• **Exercise requirements**
Go over each line of the entries below, count those with "Sweater", and give only the count.

• **Information shown**
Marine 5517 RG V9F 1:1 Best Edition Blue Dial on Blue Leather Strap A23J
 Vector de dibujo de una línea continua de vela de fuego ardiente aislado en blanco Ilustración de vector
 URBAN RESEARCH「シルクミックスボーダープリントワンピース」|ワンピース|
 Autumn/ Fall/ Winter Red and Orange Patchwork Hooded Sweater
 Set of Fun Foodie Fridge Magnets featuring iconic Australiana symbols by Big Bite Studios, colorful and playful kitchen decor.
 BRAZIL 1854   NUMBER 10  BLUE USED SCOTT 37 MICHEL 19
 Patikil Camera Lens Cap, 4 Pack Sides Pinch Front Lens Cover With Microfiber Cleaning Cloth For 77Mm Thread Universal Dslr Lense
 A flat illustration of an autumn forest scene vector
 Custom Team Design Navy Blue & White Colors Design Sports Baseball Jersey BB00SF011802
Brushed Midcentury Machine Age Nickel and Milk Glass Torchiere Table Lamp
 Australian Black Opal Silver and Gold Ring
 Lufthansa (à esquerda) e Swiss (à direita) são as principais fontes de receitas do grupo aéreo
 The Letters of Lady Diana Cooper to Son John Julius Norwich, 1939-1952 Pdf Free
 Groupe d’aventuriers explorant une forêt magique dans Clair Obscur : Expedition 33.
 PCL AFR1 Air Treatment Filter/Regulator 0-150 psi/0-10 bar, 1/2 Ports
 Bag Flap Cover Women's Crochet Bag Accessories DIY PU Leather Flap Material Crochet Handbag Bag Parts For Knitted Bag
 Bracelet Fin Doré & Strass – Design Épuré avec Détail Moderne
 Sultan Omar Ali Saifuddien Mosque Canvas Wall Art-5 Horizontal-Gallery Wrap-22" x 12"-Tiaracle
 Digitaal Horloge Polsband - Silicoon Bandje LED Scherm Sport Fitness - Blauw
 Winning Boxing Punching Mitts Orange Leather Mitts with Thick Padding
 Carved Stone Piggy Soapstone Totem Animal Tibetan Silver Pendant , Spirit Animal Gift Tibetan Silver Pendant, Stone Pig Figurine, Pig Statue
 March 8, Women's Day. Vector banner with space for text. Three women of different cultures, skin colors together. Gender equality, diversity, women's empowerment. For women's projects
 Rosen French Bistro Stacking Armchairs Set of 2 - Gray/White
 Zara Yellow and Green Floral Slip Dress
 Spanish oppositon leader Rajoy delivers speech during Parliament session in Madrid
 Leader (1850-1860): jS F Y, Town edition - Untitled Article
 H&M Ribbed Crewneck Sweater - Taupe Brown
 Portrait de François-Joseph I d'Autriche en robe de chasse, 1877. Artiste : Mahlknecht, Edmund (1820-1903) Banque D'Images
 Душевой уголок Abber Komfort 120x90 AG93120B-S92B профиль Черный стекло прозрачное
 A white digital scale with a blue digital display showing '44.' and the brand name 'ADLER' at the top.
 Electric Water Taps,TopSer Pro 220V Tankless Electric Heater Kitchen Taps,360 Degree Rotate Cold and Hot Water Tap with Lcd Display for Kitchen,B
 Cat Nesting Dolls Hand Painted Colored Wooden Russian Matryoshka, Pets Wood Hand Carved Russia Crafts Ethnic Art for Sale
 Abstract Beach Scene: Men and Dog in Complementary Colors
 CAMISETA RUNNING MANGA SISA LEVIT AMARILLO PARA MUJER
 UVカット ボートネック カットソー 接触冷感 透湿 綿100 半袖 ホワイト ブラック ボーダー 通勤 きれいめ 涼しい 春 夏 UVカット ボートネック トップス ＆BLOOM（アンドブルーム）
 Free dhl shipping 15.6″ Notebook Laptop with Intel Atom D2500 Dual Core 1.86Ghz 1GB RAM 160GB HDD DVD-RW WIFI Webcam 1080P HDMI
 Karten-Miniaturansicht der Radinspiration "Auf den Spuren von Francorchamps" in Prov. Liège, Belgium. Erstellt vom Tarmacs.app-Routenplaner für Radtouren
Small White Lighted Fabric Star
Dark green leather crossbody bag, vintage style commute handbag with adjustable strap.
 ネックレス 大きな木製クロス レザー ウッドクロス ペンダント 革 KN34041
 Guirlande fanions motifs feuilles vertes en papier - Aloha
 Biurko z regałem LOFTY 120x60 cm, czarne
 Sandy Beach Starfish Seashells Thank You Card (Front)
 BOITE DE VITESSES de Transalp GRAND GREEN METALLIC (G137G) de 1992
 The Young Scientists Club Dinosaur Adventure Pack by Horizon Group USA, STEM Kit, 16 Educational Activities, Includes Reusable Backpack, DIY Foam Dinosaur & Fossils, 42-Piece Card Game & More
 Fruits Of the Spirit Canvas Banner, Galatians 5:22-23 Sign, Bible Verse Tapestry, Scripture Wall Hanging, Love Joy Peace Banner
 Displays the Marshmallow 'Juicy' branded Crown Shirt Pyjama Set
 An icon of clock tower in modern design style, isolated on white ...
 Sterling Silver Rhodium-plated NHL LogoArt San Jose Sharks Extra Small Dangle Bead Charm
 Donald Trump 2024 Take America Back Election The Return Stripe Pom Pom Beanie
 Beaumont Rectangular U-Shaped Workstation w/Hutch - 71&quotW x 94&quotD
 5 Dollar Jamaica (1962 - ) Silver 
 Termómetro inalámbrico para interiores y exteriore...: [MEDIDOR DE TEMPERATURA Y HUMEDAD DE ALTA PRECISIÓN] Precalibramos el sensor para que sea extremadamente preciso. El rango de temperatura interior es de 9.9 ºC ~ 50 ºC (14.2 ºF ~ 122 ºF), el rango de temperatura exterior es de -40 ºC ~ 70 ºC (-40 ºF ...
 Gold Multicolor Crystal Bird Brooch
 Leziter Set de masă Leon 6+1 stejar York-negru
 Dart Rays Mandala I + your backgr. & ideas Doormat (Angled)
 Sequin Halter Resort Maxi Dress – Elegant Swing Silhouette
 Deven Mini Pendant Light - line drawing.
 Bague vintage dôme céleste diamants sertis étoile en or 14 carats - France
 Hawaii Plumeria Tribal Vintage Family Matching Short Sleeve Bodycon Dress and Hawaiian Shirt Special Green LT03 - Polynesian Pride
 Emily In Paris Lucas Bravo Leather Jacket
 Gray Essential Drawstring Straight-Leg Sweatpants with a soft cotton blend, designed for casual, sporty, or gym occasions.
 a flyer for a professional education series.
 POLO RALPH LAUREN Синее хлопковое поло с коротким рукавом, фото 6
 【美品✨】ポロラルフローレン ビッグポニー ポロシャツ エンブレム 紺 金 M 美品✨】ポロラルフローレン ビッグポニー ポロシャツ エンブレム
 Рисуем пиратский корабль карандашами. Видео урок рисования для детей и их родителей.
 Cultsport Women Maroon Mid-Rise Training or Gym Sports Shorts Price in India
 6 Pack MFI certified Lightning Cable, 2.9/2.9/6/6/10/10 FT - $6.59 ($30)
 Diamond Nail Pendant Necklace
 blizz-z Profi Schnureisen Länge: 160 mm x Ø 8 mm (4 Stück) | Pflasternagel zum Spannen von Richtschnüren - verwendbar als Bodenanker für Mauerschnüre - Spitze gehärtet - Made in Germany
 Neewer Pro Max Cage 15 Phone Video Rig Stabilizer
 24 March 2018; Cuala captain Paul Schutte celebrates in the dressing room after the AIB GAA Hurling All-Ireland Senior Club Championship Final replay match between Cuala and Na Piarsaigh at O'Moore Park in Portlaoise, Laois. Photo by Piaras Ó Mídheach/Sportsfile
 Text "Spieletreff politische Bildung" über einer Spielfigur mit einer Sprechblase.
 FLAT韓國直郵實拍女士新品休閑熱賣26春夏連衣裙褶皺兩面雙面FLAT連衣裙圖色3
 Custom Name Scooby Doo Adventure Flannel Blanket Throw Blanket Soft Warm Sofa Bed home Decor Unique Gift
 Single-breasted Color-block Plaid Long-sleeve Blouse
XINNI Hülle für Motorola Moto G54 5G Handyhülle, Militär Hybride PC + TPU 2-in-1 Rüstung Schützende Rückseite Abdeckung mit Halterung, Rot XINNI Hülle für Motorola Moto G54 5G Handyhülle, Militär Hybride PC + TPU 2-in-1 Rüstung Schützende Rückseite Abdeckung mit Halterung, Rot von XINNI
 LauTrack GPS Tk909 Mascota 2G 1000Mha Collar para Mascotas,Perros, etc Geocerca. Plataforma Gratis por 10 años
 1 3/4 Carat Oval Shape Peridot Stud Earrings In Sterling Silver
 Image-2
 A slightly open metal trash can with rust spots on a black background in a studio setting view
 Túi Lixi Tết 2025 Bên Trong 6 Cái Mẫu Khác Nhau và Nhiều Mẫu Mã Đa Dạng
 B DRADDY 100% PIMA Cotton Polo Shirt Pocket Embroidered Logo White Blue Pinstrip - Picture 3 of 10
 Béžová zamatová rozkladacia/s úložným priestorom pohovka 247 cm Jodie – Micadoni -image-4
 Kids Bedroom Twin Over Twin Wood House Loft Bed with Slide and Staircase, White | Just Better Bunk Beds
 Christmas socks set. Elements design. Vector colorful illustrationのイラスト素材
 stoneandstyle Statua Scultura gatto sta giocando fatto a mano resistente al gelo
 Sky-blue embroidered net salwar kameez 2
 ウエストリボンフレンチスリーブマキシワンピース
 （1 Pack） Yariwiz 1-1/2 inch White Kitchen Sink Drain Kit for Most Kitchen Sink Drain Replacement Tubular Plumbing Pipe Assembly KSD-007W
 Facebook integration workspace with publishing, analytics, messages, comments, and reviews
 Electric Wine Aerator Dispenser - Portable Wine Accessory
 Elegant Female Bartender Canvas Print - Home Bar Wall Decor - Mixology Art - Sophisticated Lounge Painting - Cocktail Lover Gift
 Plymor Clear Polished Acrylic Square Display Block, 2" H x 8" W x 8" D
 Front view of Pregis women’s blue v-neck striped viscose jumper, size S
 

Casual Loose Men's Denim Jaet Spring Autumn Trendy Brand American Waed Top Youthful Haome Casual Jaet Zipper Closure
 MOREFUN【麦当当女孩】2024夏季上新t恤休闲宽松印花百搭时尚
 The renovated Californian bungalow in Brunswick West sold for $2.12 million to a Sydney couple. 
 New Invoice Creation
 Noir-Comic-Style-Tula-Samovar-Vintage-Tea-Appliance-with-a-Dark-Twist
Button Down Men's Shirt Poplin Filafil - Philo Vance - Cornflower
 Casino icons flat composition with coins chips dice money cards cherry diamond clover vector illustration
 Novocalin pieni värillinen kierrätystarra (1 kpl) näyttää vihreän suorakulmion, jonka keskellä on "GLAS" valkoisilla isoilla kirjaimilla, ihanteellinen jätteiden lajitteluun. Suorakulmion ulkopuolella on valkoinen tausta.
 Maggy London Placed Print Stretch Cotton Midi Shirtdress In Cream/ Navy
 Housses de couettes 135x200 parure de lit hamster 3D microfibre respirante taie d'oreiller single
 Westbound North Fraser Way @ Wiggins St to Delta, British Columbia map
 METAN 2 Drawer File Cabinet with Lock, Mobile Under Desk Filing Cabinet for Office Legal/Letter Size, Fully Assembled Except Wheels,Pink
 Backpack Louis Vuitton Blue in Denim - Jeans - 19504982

• **Answer to this problem**
2